I've seen Ceschi play a lot of shows since then, from a barn where we had a cake fight for his birthday to a venue in Boston, which is the only thing I did in Boston and the only thing I've ever done there. Plus a number of spots throughout the Bay, of course. The second to most recent time I saw him, he apologized and said he wouldn't be back for a while. That was at a bar where I had overheard the bartender proudly bragging about how he had threatened protesters against the Zimmerman verdict with a knife, to protect some property. I told Ceschi about that and he played Cop Killing Season. The apology, though, was because he was about to be thrown in prison on some completely bullshit drug charges.
Because of that time inside, he didn't end up releasing his usual slew of new work. There were still some gems though. Of what did come out, I'll mention two.
The first is an acoustic song by the name of Say Something, of which a video came out. It's a really nice song, He prefaces the recording by saying he's going to do another one about prison. That's not why it's nice.
The other thing, which will bring this full circle, is a guest verse on Tommy V's Fake Four Freecember release, along with his brother David.

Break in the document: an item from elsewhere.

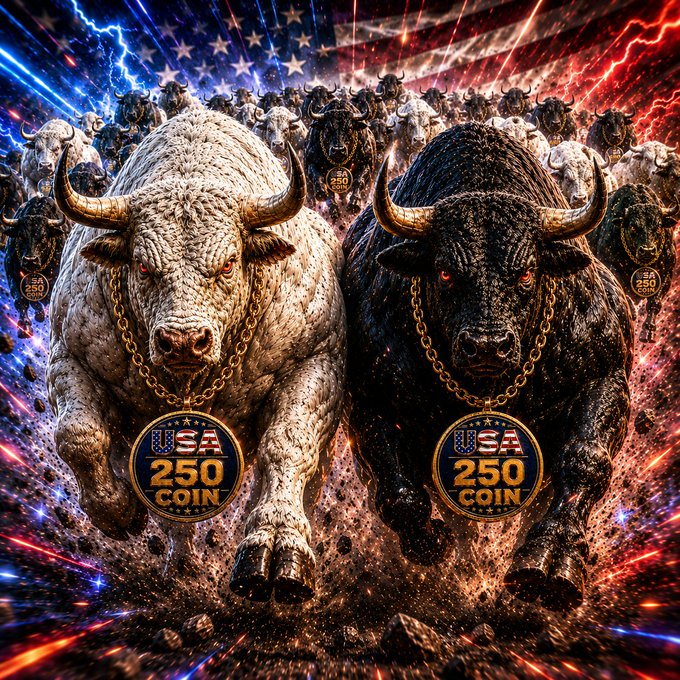Two massive gold-chained bulls—one white, one black—charge forward against an American flag backdrop amid lightning and fire, wearing medallions reading "USA 250 COIN." The image visually reinforces the post's message about collective strength, with the stampeding herd behind the bulls symbolizing community unity powering the movement for $ANSEM, $DAVID, and $USA250.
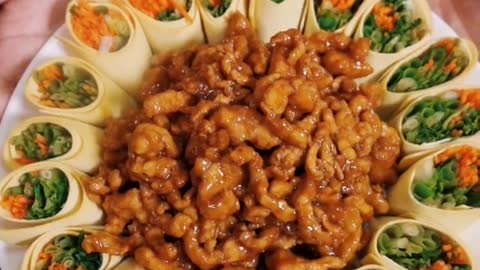 shredded pork with preserved Beijing sauce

I saw David play that night in Boston, and everything I've caught of his recently has made me a bigger and bigger fan. And I will always remember Tommy V as the dude in the amusement park who offered me a smoke. His record as a whole is good, but this track in particular -- Wander -- is really fantastic.
*****
Karen Tei Yamashita is easily the most important professor I've ever had, and she released a book this year. I've only read the titular play, but it goes hard and is amazing.